From NRDC: Does Your Food Travel More Than You Do?

Here’s an idea: The next time you’re shopping for produce and you come across grapes from Chile, think twice. Is it really necessary to have something from so far away just because you can?

Why not get into the groove of buying locally?

One way I’m doing this is by shopping at the West Michigan Co-op, where local producers offer their goods, including local onions, apples, greens, etc. Many still have a store of produce on hand, even in the winter months.

If you don’t have a co-op, CSA, or farmers’ market that you can tap into, here’s a website from the National Resources Defense Council that might help. According to the site, “most produce grown in the United States travels an average of 1,500 miles before it gets sold.”

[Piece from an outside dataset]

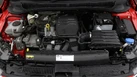 2020-volkswagen-polo-10-match-small-19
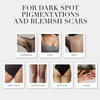 Kaia Naturals-The Takesumi Bright - The Starter Kit for Underarm Dark Spot Pigmentation-Body-thebrightstarterkit4-The Detox Market |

And transportation costs–to bring grapes, say, from Chile–take a toll on not only the pocketbook, but also the environment and public health. It just makes sense to eat “lower on the food chain,” meaning local organic produce to avoid toxins, support local farmers, and enjoy real food.

To find out what’s in season where you live, check out the site’s interactive “What’s Fresh Near You” tool.

If you live in the North, I know the pickin’s are slim. Believe me, living in Michigan, I’ve had to get creative about eating fresh produce….such as storing up root vegetables from the fall (I’ve still got butternut squash in my garage and parsnips in my vegetable bin in the fridge). Somewhere under the snow I have some leeks, but I guess they’re buried until spring now. Next year I hope to freeze the bounty of raspberries I snag at the farmers’ market. It just takes some planning and organization if you don’t live in a place where fresh produce is offered year ’round.

Don’t forget to check out It’s a great resource for tracking down local producers who are willing to sell their surplus. And check with your local farmers, too. Many of them are storing surplus produce that they’re willing to sell. It’s just a matter of connecting to the right people.